Instructions for the task =
Repeat the records below exactly from the line containing "Renault Austral 2025" to the line containing "Россия отказала Украине", taking in both of those lines. Drop the pictures.

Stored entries
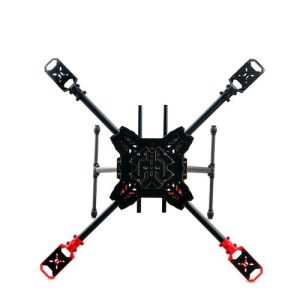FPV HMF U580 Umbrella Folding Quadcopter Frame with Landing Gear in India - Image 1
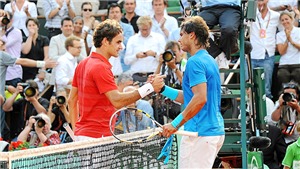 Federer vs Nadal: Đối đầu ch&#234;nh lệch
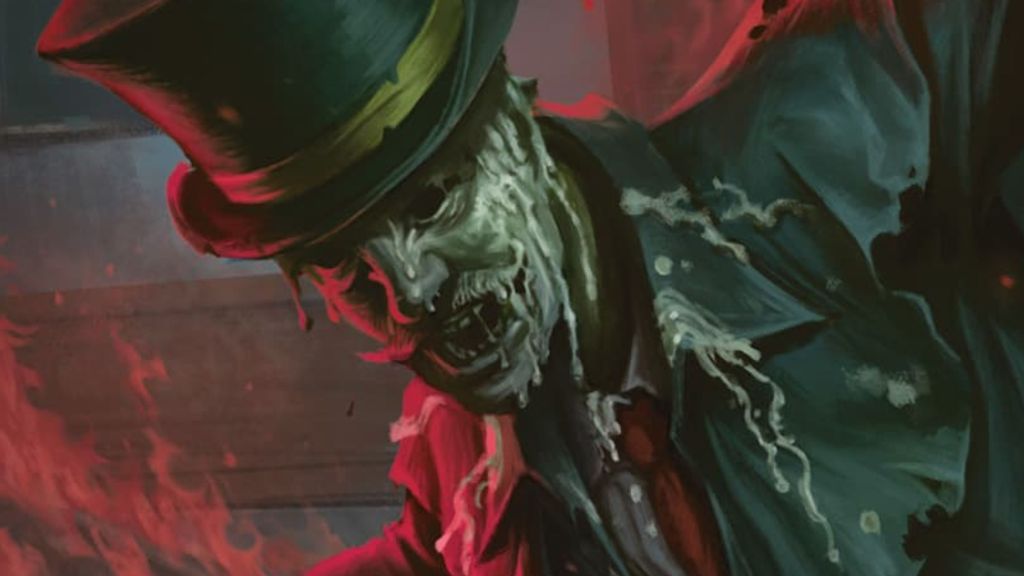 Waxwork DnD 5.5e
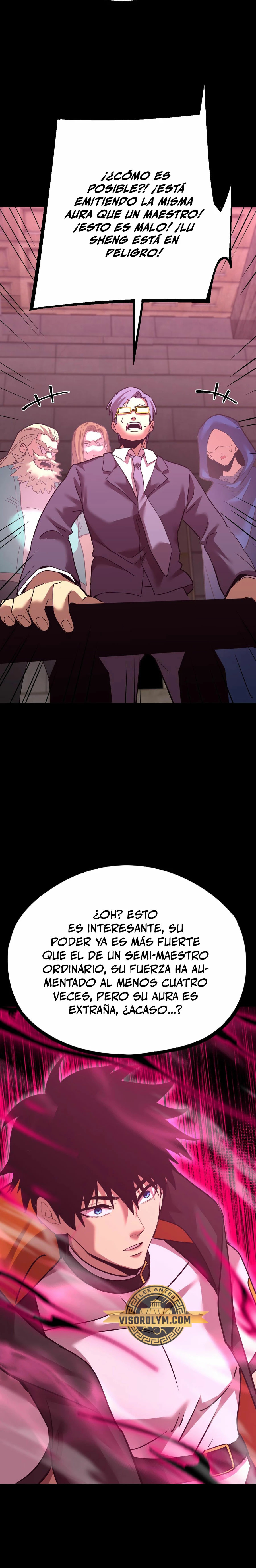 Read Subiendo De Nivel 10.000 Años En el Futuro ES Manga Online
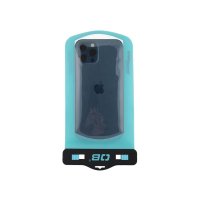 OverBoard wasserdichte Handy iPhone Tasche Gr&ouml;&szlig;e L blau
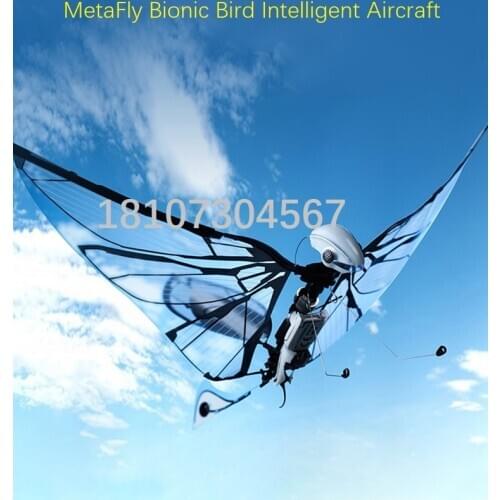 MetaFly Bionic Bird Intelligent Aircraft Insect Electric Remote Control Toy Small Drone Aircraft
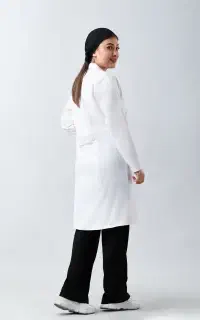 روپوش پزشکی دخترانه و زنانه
--
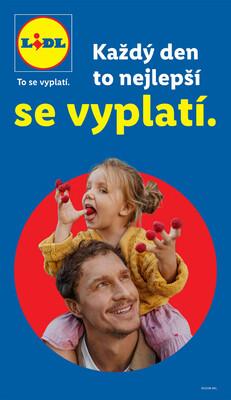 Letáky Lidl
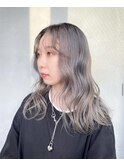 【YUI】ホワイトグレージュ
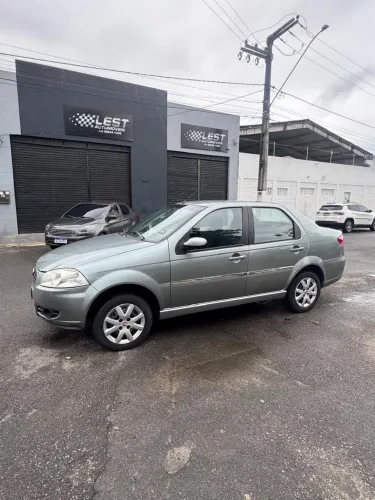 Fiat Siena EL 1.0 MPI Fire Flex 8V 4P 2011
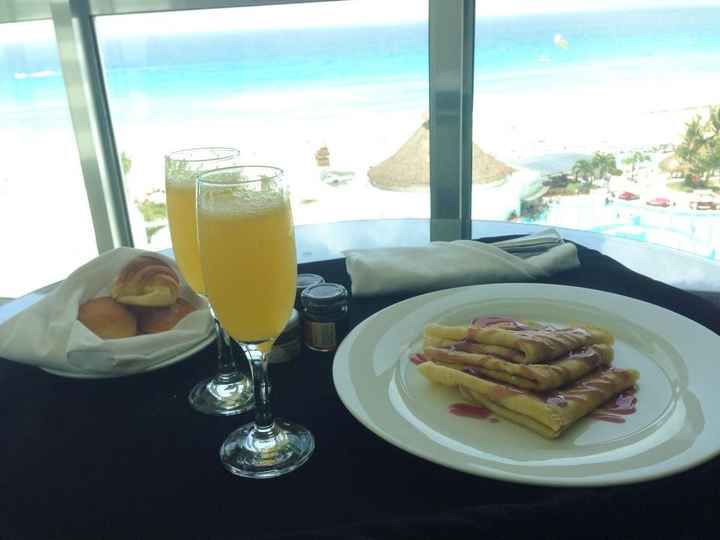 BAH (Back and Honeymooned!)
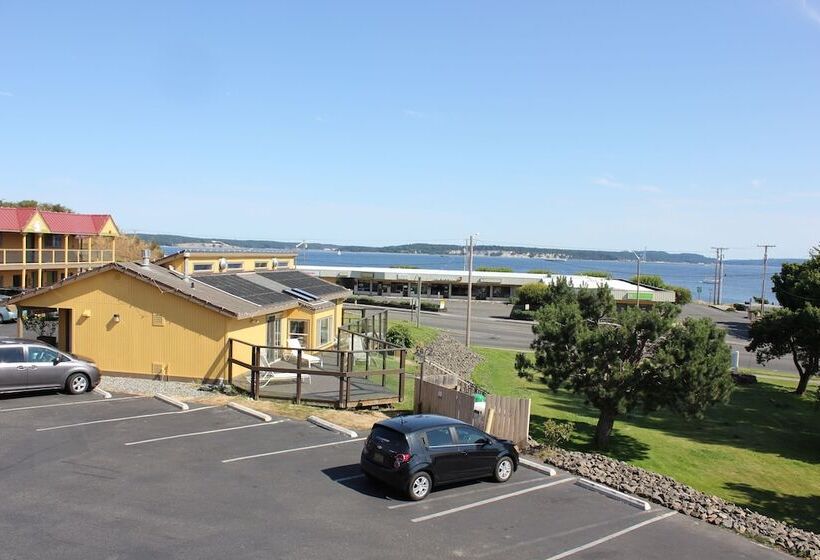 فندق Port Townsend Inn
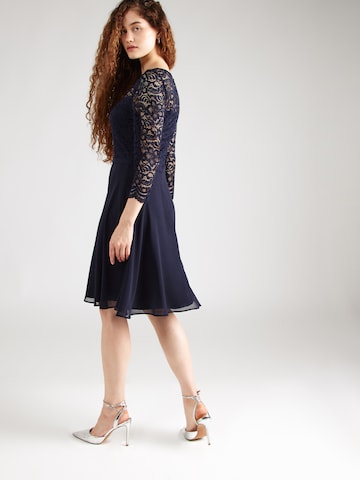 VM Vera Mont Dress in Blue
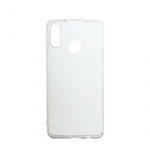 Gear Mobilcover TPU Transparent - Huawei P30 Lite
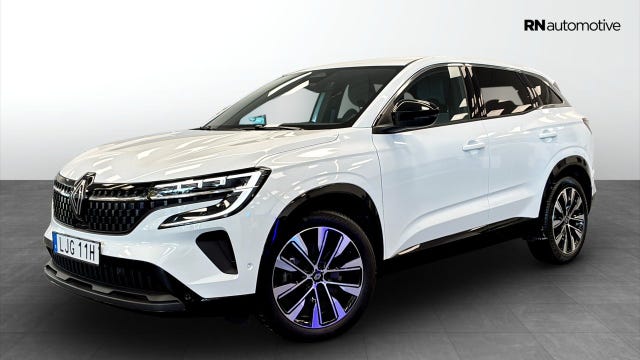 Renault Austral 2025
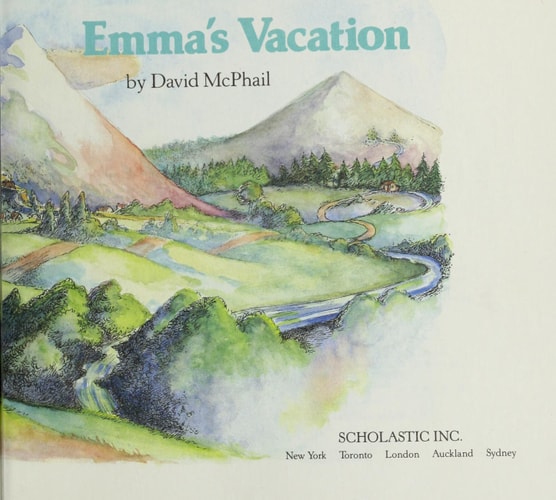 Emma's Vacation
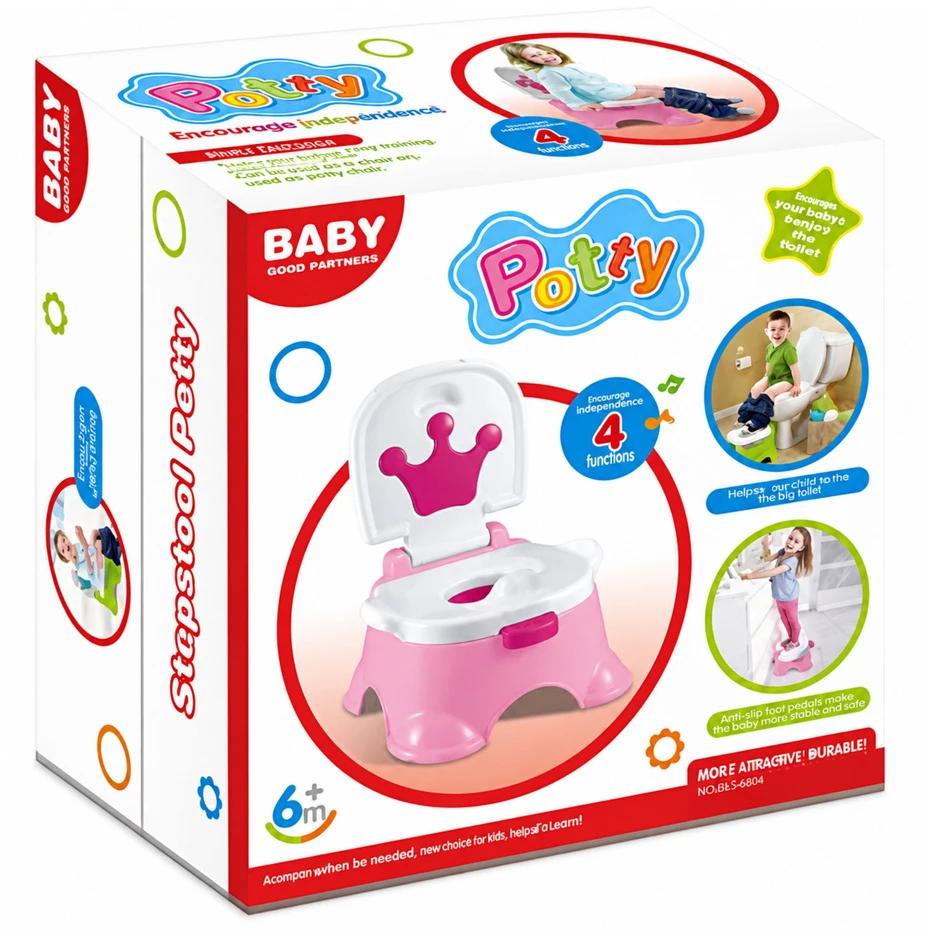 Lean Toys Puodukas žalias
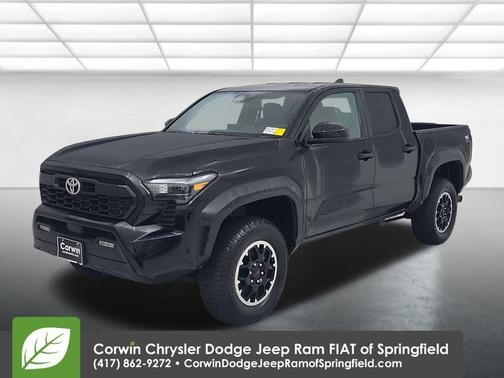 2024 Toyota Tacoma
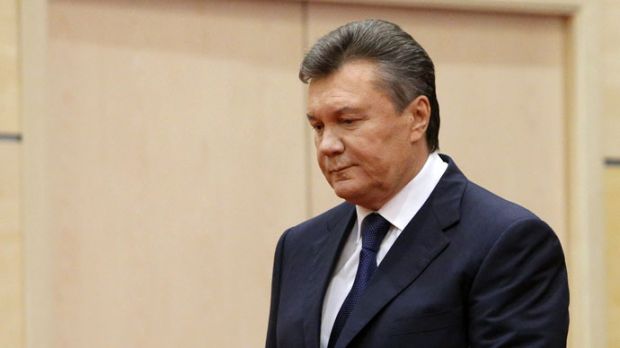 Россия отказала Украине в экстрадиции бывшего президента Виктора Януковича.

Expected answer =
 Renault Austral 2025
 Emma's Vacation
 Lean Toys Puodukas žalias
 2024 Toyota Tacoma
 Россия отказала Украине в экстрадиции бывшего президента Виктора Януковича.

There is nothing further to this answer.